I installed OpenSuse 12.3 yesterday on one of my laptops. The primary DE I used is KDE, however I also installed xfce and LXDE, I use them mainly for remote sessions (I already have sich setup for 12.2 on my main rig). However the issue is that the menu entries in LXDE are mostly missing, sometimes missing completely. Only Graphics and Games submenu is populated, Internet submenu exists, but is empty. The rest is gone.

As I said, sometimes the menu does not load at all leaving only Run and Logout options in the menu. Sometimes it happens during LXDE usage. It is behaving very strangely.

I alredy tried to delete .cache/menus/<file with a long name> and ahve ti re-created. It was re-cerated, but the problem stays.

Manus in KDE and XFCE are OK.

Are xdg-menu and lxmenu-data installed?

Yes, they are.

I installed it using the pattern package, so I would not expect anything missing. But I double-checked these two, they are there.

Is anyone able to confirm it is my isolated problem? Are menus working OK for everyone here?

Thanks a lot.

Hi.

same problem. I had all the entries after install but after using lxmed, some of them disappeared.

No changes made with lxmed.

I can verify my experience is the same using lxmed with LXDE 0.5.5-40.1.3 on openSUSE 13.1.

Initially, lxmed suggests that various apps should be “visible” but aren’t. In fact, it looks like it doesn’t matter for <any> app whether “visible” is enabled or not.

Nevertheless, I pushed onwards and tried to add an entry.
Now, that entry exists in the Menu but as the previous post describes, multiple entries are now missing. The existing menu entries are so few, the only saving grace is that the “Run” menu item now exists and supports auto-completion (otherwise practically no app can be launched.

Thankfully, for me this is a Virtual Machine so I can just trash it and clone my template to create a new machine instead of trying to undo what lxmed did to this system.

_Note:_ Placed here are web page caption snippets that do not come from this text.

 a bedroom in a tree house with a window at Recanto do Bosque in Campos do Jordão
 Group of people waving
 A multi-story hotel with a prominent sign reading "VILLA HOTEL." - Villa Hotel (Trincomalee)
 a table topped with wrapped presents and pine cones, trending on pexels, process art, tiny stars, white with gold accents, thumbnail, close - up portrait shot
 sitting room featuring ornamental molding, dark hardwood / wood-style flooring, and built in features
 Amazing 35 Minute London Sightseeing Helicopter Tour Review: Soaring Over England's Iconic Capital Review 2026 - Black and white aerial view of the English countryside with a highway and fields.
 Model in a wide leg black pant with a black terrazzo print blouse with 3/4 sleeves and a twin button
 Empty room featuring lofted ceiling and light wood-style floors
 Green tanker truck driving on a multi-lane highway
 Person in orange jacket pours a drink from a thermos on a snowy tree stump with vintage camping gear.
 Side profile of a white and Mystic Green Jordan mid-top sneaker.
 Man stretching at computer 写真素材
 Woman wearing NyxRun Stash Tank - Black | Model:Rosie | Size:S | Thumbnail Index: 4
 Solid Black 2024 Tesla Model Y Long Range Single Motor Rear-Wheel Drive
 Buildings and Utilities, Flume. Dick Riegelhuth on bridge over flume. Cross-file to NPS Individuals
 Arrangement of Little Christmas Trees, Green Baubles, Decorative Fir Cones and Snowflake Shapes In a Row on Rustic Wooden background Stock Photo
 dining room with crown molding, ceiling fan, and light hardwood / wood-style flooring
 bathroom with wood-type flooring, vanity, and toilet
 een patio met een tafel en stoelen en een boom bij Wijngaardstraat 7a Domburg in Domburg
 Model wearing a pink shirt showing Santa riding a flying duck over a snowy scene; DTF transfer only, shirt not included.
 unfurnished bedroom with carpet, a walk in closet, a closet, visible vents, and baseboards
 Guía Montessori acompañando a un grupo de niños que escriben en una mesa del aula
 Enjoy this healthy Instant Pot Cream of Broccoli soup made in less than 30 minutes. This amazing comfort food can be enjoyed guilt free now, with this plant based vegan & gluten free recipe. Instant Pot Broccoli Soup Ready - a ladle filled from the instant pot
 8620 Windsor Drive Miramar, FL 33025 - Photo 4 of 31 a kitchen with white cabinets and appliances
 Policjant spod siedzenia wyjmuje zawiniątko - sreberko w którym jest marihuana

So, beware. It seems that somewhere/sometime the past couple years the LXDE config file changed and lxmed (a separate project) hasn’t caught up or something happened in the openSUSE implementation (maybe I’ll create an LXDE in another distro and test).
AFAIK there is no GUI method that can modify the LXDE Main menu at this time. YMMV, but the best approach likely would be to edit the raw config files. For me, I’ll probably just create a bunch of startup scripts for any app and place them in a common folder.

TSU

Using 13.1, if I right click and select Applications, I get a fully populated list with each submenu fully populated. If I click on the openSUSE icon, a few entries are missing from each submenu except Office where only the first two entries appear. This suggests that there is a screen drawing issue where the popup list is very long.

Took a few minutes today to investigate lxmed further.

Bottom line:
This GUI app works fine in Fedora, but interestingly when I installed lxmed, it required a dependency which wasn’t identified in the package manifest… beesu. After installing that, lxmed worked fine in Fedora.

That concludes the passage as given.